Your response to the data below should hold nothing except the lines from the one containing "2014_ChiangMai_Songkran_清迈宋干节" down to the one containing "Wegestein. Sandstein. 1836.", reproduced exactly and without pictures.

- **DATA**:
+++

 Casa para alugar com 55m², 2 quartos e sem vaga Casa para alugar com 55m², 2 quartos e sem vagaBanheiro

+++

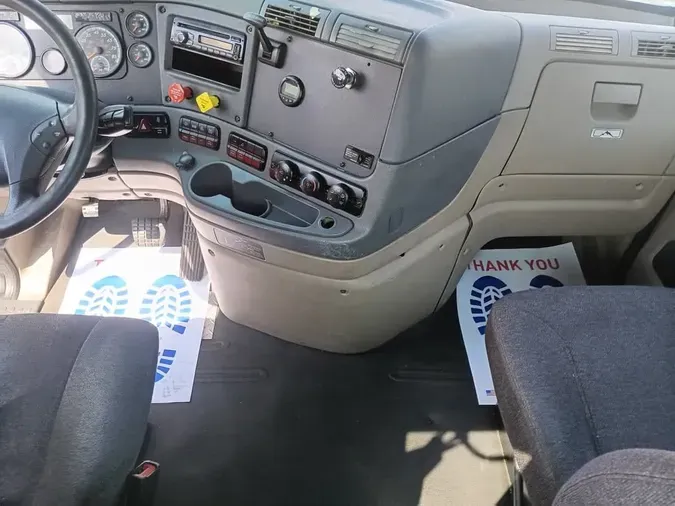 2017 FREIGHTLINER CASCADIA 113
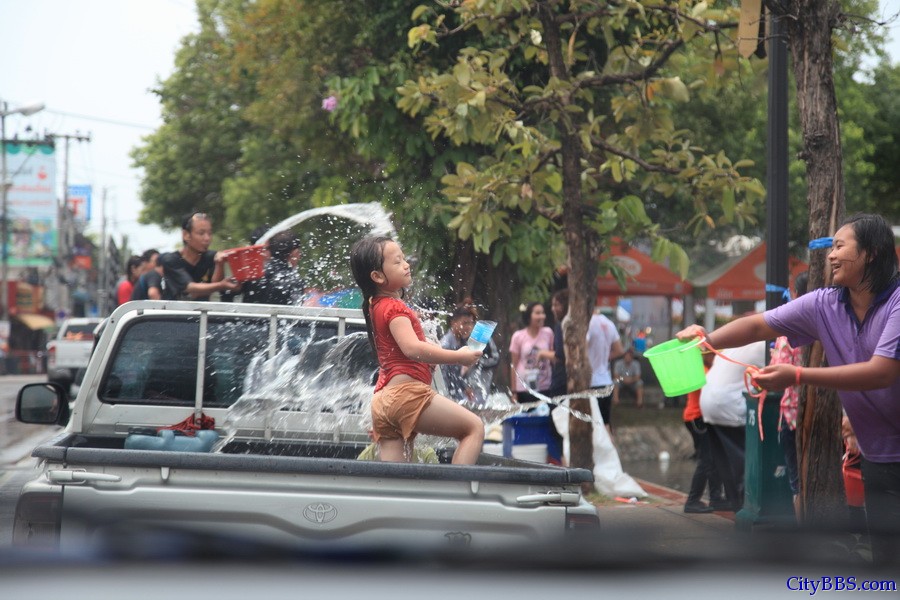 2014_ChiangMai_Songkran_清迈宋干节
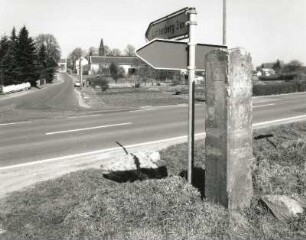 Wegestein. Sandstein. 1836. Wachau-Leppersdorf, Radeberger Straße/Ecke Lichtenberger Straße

+++

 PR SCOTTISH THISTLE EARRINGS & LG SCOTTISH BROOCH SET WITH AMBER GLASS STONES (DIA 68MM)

+++

- **TASK RESULT**:
 2014_ChiangMai_Songkran_清迈宋干节
 Wegestein. Sandstein. 1836. Wachau-Leppersdorf, Radeberger Straße/Ecke Lichtenberger Straße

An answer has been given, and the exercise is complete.